What the man accused of helping Kavanaugh assault a woman wrote about female sexuality

In two memoirs, Judge depicted his high school as a nest of debauchery where students attended “masturbation class,” “lusted after girls” from nearby Catholic schools and drank themselves into stupors at parties. He has since renounced that lifestyle and refashioned himself as a conservative moralist — albeit one who has written about “the wonderful beauty of uncontrollable male passion.”

.. He was caption editor for his yearbook, which included lines like “Ebony and Ivory” beneath a photo of a white and a black student, and “Do these guys beat their wives?” beneath a group photo of several boys.

.. Judge never wrote about any sexual violence at those parties, nor did he mention Kavanaugh attending any. But Judge’s 1997 memoir, “Wasted,” references a “Bart O’Kavanaugh” character who passes out drunk and throws up in a car.

.. Judge has written dozens of columns in the decades since, including several for this newspaper. Femininity, masculinity and sexuality are perennial themes. He has written that safety razors are too feminine, that former president Barack Obama is practically a woman, and that gay men have infiltrated the priesthood.

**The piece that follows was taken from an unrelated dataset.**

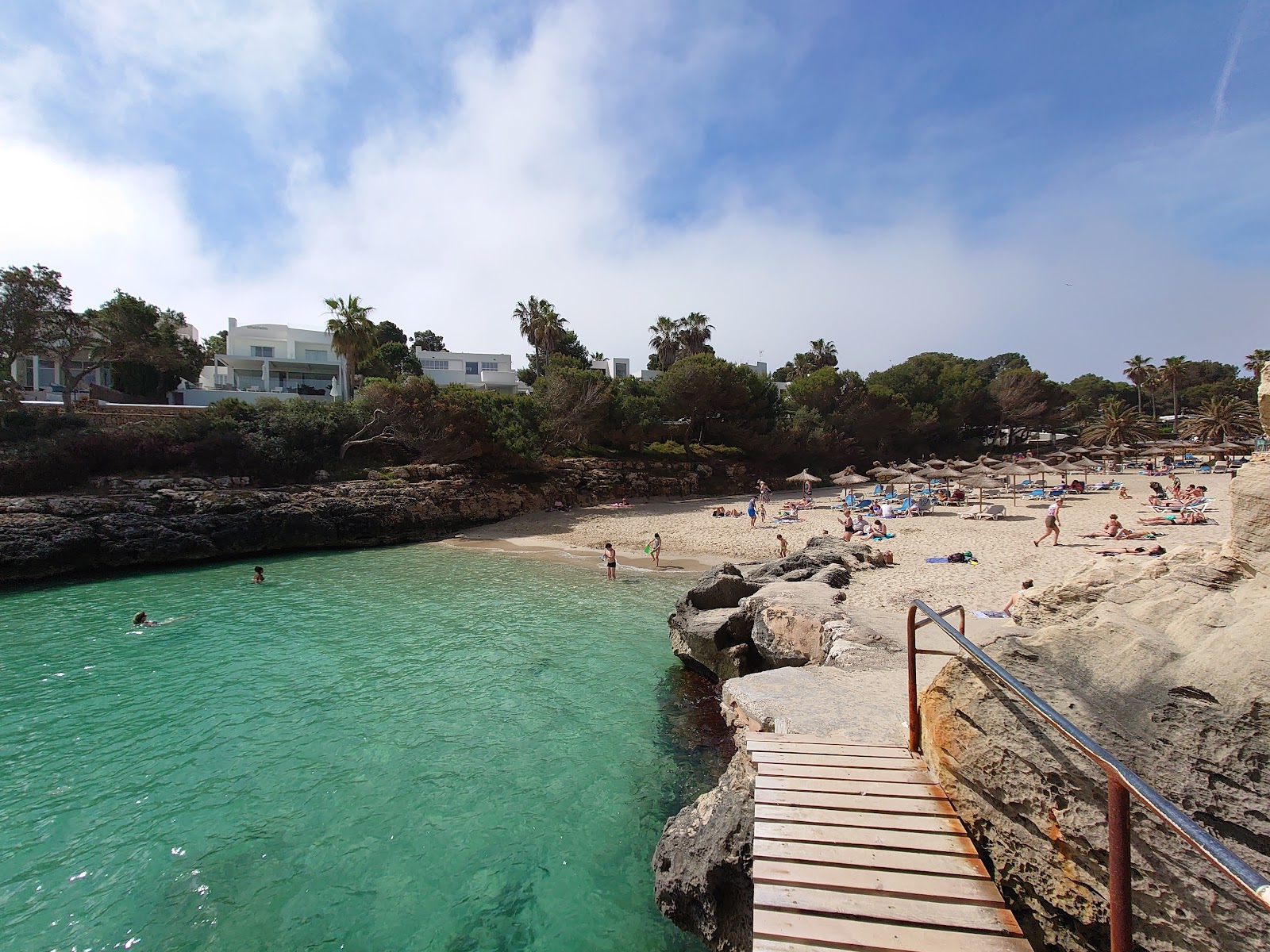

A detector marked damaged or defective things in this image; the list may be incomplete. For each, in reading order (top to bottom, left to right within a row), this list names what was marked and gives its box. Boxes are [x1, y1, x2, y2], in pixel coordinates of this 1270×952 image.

rusty metal railing [902, 600, 1270, 946]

.. He has also written repeatedly about his thoughts on sexual violence, which might make him an interesting character witness if Ford’s accusations against Kavanaugh result in a prolonged public investigation.

.. In general, Judge has been unsparing of men accused of assault, including the conservative Senate candidate Roy Moore, and his condemnation of male aggression sometimes bleeds into critiques on women’s behavior, as when he wrote last year for Acculturated:

“There’s never any excuse to rape, a crime that I think is almost akin to murder because the rapist kills a part of the human soul. And yet what women wear and their body language also send signals about their sexuality.”

Two years earlier, in an ode to “sexy” pulp novels, Judge lamented “social justice warriors” who confuse rape with innocent demonstrations of masculinity. He wrote then of “an ambiguous middle ground, where the woman seems interested and indicates, whether verbally or not, that the man needs to prove himself to her.”

“If that man is any kind of man, he’ll allow himself to feel the awesome power, the wonderful beauty, of uncontrollable male passion,” Judge continued. To illustrate his point, he linked to a scene from the 1981 film “Body Heat,” in which the hero forcibly breaks into a woman’s home, and is rewarded with a kiss.